Même avec le recul, je n’arrivais toujours pas à comprendre ce qui nous avait projetés l’un vers l’autre. Pourquoi, à ce moment précis de nos vies, nous étions-nous fait croire que notre histoire incongrue pouvait avoir un avenir ?

« On aime être ce qu’on n’est pas », a écrit Albert Cohen. Peut-être est-ce pour ça que l’on tombe parfois amoureux de personnes avec qui l’on partage rien. Peut-être ce désir de complémentarité nous laisse-t-il espérer une transformation, une métamorphose. Comme si le contact de l’autre allait faire de nous des êtres plus complets, plus riches, plus ouverts. Sur le papier, c’est une belle idée, mais dans la réalité c’est rarement le cas.

L’illusion de l’amour se serait dissipée rapidement si Natalie n’était pas tombée enceinte. La perspective de fonder une famille avait prolongé le mirage. Du moins, en ce qui me concernait. J’avais quitté la France pour m’installer dans l’appartement qu’elle louait à Londres dans le quartier de Belgravia et je l’avais accompagnée de mon mieux pendant toute sa grossesse.

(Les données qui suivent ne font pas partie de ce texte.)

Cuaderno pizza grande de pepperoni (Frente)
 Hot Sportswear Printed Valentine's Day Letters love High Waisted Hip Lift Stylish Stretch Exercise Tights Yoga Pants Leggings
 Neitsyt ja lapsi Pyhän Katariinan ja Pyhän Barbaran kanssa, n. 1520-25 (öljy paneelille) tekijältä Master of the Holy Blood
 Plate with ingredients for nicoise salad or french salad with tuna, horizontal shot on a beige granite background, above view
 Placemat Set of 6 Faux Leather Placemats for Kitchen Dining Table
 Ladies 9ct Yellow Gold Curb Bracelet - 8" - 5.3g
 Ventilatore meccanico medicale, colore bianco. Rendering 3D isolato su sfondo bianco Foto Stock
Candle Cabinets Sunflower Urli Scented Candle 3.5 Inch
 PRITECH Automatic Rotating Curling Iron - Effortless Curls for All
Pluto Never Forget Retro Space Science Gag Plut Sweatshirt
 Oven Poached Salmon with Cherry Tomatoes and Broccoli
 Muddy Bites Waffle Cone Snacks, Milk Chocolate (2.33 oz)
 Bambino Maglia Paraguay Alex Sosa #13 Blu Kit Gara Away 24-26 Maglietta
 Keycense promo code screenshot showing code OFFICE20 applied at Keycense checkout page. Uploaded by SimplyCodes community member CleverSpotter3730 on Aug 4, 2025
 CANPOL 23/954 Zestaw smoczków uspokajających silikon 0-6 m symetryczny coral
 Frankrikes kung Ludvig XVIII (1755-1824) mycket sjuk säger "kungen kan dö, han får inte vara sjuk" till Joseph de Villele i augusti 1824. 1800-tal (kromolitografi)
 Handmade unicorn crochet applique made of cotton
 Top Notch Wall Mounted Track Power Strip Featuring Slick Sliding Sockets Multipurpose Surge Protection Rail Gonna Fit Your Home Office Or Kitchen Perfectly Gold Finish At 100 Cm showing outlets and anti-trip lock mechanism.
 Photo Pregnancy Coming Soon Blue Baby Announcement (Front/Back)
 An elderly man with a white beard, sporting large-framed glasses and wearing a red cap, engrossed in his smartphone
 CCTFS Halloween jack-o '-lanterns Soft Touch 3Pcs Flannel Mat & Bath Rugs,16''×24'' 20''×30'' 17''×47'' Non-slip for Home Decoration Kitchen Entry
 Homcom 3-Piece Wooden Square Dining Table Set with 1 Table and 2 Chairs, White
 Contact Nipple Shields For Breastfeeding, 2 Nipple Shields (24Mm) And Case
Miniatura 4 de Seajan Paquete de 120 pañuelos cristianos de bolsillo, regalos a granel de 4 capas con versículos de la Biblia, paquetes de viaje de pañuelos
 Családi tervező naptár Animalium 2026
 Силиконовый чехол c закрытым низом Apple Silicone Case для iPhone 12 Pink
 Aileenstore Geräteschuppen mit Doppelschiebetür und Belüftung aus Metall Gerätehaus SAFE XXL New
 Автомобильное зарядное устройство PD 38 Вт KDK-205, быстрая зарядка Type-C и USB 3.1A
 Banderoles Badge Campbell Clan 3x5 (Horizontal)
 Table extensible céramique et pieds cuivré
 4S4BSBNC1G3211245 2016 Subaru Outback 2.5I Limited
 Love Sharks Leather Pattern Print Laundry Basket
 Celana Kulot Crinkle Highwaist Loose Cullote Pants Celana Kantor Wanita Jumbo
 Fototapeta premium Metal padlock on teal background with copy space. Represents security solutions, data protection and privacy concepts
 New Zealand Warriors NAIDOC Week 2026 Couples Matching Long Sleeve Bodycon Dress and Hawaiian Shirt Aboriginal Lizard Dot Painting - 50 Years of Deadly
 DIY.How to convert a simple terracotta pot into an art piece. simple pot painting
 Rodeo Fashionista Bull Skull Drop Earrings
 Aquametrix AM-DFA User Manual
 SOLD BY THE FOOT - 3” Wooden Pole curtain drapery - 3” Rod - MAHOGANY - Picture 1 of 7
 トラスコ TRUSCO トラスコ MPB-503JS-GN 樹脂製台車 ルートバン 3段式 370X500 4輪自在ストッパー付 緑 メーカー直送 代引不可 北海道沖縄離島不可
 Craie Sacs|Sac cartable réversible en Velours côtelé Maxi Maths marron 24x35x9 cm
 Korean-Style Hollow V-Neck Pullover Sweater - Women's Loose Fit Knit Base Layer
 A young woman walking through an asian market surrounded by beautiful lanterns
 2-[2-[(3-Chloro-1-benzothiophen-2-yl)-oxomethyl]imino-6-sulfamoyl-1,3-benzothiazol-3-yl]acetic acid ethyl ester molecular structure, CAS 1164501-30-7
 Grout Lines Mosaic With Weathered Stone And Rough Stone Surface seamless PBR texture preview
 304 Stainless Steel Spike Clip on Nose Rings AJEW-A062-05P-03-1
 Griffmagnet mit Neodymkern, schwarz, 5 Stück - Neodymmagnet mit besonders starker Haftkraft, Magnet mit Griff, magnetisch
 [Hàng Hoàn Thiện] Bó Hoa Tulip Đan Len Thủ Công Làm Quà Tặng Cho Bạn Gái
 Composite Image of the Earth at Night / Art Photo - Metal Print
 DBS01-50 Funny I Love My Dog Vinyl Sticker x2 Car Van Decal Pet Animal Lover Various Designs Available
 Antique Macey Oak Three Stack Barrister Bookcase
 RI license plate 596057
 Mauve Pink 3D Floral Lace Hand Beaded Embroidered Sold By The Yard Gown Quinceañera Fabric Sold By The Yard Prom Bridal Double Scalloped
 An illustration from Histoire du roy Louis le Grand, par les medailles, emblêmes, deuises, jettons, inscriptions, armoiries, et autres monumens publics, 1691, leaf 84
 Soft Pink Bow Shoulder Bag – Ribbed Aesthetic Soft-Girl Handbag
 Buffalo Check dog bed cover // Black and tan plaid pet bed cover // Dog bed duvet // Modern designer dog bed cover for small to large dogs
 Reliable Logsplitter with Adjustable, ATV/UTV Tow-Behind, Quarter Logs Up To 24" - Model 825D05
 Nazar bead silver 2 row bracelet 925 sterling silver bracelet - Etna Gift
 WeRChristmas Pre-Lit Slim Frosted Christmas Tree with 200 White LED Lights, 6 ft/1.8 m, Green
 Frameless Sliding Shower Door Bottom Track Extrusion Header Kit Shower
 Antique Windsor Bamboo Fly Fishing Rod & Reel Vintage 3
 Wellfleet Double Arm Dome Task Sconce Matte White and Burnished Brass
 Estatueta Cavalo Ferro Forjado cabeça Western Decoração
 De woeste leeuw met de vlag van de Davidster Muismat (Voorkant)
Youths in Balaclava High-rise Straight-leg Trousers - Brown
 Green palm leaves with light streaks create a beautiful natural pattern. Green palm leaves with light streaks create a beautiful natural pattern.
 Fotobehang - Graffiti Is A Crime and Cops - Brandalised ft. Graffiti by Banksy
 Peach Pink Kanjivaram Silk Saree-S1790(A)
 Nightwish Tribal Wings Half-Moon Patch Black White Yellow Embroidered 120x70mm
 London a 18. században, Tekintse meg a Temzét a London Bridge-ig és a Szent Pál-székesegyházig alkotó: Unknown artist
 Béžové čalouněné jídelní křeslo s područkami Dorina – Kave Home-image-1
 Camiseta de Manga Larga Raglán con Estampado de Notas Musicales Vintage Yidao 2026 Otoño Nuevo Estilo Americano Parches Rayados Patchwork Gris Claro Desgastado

« Lesquels de vos romans préférez-vous ? » À chaque période de promotion, la question revenait dans la bouche de journalistes. Pendant des années, j’avais un peu botté en touche, me contentant d’une réponse laconique : « Il m’est impossible de choisir. Mes romans sont comme des enfants, vous savez. »

Mais les livres ne sont pas des enfants. J’étais présent en salle d’accouchement lors de la naissance de notre fils. Lorsque la sage-femme m’a tendu le petit corps de Théo pour que je le prenne dans mes bras, j’ai pris conscience en une seconde à quel point cette assertion répétée dans de nombreuses interviews était un mensonge.